While Manta claims to be Sydney’s best seafood restaurant, my experience was much more mixed: decent but not exceptional dishes, and service that wasn’t up to scratch and was sometimes even excessively colloquial.
Before leaving Melbourne for Sydney, I had to find a restaurant for one of the two evenings I planned to spend there. I’d tried a number of different types of restaurant so far, but had yet to find a seafood restaurant, so that’s what I looked for. And since Manta came up quite regularly in my searches, I finally decided to make a reservation there. In any case, the restaurant I was most looking forward to in Sydney was the next day’s, so there were no expectations or undue pressure, if any at all, even if the fact that a restaurant had proclaimed itself “Best Seafood Restaurant in Sydney” had tipped me off a little.
You’ll find at the bottom of the page a summary of articles about this vacation in Australia.
Concept
Located on the wharf of one of the city’s ports, Manta was bound to specialize in seafood, like just about every other restaurant in the area. Nothing convoluted here: everyone knows what a seafood restaurant is.
The setting
Having dined on the terrace, I’m unable to comment on the interior.
The rest is typical of a restaurant located on a pier in an old fishing port (which it is): wood, wood and more wood.
There’s nothing wrong with that: it’s consistent with what you’d expect.
The menu
This is often the telltale sign: it’s not that uncommon for a restaurant to claim to have a specialty and then try to do everything and do it badly. Nothing like that here: seafood and nothing but seafood…or almost.
There are, of course, a few meats, as is customary when a guest with little love of seafood has been brought on board by a group of friends.
The meal
I arrive right on time for my reservation. The welcome is decent, but hardly in keeping with the establishment’s supposed standing. I’m quickly ushered to a table, and the waitress who takes care of me looks more like an old Parisian bistro owner whose voice and physique have been worn down by all kinds of excess, not to mention the colloquial attitude that goes with it.
As I settle in, she asks me if I’d like some water, to which I reply in the affirmative.
Another waitress comes by two minutes later and asks me if…I’d like some water.
Three minutes later a third lady comes by, hands me the menu and asks if I’d like…water.
I point out that this is the third time I’ve asked for it, but that in the end it’s not the number of orders taken that counts, but the fact that a bottle ends up on my table. She takes it with a smile.
On the other hand, nobody asked me if I wanted an aperitif…so I won’t be ordering one for fear that it will arrive with the dessert.
I’ll start with the Manta oysters, served with a Cabernet Sauvignon mignonette.
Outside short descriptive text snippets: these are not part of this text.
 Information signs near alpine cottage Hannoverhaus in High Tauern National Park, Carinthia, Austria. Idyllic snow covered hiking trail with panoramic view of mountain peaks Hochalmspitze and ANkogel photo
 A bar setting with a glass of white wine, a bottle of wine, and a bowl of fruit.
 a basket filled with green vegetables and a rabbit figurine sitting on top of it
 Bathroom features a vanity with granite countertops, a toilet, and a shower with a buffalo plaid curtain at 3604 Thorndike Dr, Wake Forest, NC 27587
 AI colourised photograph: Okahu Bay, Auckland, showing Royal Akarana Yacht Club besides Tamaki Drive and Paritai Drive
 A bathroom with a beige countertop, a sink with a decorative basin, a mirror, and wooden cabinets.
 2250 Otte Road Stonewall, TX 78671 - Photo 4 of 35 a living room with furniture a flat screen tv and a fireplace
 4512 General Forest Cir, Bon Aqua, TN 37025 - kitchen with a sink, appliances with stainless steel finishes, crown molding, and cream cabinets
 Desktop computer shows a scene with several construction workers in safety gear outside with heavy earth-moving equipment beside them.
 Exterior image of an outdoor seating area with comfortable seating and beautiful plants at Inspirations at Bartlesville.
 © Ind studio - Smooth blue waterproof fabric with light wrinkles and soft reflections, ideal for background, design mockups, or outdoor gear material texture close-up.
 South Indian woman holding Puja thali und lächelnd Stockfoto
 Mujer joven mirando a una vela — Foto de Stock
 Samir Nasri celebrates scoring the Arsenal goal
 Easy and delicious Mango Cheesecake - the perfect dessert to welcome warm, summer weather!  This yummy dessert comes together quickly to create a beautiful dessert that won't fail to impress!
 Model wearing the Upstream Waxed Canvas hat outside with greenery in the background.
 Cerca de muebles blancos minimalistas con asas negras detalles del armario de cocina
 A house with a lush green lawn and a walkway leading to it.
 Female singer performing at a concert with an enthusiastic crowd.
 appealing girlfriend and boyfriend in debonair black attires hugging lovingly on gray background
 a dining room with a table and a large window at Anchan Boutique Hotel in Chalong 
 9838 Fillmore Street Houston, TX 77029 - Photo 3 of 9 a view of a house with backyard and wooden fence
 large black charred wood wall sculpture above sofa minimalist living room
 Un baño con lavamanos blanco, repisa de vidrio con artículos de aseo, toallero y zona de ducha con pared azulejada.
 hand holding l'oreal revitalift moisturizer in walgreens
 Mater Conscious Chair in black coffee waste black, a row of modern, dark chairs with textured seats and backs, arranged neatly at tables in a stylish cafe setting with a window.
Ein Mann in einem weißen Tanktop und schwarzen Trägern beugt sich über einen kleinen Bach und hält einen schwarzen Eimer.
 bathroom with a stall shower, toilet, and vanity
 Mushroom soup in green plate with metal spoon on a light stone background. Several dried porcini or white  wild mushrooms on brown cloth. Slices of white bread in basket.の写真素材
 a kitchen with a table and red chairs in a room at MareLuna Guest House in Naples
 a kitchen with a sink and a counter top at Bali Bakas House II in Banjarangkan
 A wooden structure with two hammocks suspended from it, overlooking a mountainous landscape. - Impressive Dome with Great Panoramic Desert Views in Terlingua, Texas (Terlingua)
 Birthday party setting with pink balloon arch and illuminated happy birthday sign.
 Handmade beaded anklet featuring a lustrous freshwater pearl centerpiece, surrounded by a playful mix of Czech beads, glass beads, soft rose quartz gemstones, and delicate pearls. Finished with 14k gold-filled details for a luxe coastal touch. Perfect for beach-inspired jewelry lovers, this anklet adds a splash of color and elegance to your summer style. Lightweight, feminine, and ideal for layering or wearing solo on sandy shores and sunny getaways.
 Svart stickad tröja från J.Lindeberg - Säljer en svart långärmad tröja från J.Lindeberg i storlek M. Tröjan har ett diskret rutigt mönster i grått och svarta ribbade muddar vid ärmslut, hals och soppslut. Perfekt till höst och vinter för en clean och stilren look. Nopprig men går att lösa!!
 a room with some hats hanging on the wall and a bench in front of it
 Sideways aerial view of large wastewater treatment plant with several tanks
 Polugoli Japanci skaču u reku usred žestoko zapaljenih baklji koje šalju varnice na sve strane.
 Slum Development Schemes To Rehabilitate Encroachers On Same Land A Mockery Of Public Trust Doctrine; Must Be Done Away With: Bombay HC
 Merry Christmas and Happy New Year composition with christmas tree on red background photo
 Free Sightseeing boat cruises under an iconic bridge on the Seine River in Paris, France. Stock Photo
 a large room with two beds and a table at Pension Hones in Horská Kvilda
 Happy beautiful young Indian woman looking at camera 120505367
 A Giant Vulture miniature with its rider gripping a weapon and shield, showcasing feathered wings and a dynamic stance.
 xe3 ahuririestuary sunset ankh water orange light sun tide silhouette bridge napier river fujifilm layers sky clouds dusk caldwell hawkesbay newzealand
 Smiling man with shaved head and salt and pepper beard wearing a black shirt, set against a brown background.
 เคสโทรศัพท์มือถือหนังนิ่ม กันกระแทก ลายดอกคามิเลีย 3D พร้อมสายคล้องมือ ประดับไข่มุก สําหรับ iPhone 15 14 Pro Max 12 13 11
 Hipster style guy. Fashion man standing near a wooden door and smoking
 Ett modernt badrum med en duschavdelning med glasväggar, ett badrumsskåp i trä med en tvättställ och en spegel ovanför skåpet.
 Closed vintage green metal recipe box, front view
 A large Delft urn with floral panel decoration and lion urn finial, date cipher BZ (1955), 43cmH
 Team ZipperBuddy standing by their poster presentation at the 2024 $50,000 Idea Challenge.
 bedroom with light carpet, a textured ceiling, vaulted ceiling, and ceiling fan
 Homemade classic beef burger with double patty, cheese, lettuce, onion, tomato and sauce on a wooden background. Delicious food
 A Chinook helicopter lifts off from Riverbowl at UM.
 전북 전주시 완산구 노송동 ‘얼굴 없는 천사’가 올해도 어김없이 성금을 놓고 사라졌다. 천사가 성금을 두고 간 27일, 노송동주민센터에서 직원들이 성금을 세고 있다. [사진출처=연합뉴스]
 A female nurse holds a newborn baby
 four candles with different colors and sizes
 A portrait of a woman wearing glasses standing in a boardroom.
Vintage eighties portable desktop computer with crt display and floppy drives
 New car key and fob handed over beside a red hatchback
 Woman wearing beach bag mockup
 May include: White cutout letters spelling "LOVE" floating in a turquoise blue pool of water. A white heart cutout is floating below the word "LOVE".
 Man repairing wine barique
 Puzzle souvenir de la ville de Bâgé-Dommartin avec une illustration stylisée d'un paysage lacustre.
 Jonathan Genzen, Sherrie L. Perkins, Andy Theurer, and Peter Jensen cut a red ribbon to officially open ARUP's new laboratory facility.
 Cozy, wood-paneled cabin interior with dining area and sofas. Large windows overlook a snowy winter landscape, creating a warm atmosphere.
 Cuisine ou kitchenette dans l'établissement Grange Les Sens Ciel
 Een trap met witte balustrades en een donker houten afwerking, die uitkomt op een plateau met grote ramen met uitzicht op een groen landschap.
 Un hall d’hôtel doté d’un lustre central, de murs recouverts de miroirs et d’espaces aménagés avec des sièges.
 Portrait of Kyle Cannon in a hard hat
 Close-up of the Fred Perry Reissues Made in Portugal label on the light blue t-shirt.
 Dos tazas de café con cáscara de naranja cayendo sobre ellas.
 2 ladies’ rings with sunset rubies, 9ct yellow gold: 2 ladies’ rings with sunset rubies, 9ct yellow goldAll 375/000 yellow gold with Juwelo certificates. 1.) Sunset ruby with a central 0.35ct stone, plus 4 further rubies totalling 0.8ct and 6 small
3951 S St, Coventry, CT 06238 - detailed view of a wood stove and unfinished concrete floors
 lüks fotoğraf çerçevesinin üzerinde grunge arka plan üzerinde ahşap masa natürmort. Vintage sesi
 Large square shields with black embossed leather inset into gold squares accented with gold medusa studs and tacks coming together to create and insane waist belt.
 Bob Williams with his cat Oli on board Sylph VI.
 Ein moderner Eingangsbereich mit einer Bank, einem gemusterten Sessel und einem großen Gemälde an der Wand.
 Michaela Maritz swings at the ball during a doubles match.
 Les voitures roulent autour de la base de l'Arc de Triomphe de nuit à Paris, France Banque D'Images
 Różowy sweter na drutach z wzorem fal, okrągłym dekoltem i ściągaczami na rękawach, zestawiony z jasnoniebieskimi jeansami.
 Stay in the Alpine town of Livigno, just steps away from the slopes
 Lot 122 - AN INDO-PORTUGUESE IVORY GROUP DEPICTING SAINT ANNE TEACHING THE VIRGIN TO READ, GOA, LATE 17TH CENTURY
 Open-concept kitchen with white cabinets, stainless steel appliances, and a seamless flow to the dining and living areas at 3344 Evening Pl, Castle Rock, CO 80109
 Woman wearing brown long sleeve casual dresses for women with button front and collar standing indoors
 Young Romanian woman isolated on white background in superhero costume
It’s a good thing they’re served with their own wine, because at this stage no one has asked me if I’d like some…
They’re rather small but decent. However, if you’re wondering what differentiates “Manta” oysters from normal oysters, I think it’s the homemade sauce, and I’m a bit puzzled by this one. Very strong on the nose, it’s only moderately perceptible on the palate, with a sweet taste that doesn’t convince me.
Until proven otherwise, nothing has been done better than good old shallot sauce….
It’s time for the main course. It’s the first waitress who brings it to me, and when I speak of familiarity…of course in English we say “you”, but the intonation suggests a French “tutoiement” …and the “darling” is out of place.
Signature” blue crab lasagne, shellfish bisque
Not bad at all. It’s light, and the bisque is just right. I rummage through the dish and find a substantial amount of crab: many properties cheat on this point, but this is not one of them.
As the oysters are just an amuse bouche, I’ll continue with a Barramundi with crispy skin, asparagus and Grenoble butter, which will be served after a relatively long wait.
The fish is good and the cooking quite successful, but in the end it doesn’t really matter: it’s the taste of the butter, and therefore of the capers, that predominates. Quite unbalanced in the end.
But when I hadn’t finished my plate, a waitress came by and asked if she could clear the table. I don’t think it’s an incentive to leave, but in my case it was an incentive to skip dessert.
In the end, a decent meal, but nothing exceptional either. Nothing on the plate to reproach, but nothing to compliment either.
The service
I’ve already said enough about it so I don’t need to add to it. It’s generally not a good sign when the dinner report talks more about the service than the dishes.
More generally about this restaurant, I had to deal with 5 different people, and when everyone is looking after a table, no one is looking after it. Evidence if needed.
Atmosphere
None except the electro music from the terrace of the restaurant next door.
Bottom Line
Neither good nor bad, service not up to standard and sometimes familiar attitudes. I know that seafood restaurants are generally more expensive, but the 100 euros charged for this dinner (with a glass of wine) seems a bit exaggerated. Good to know, as these practices are common in Australia, I was charged a 10% surcharge because it was Sunday and a 1.5% surcharge for paying by credit card.
I wouldn’t call it a tourist trap, but it’s still a property that abuses its location.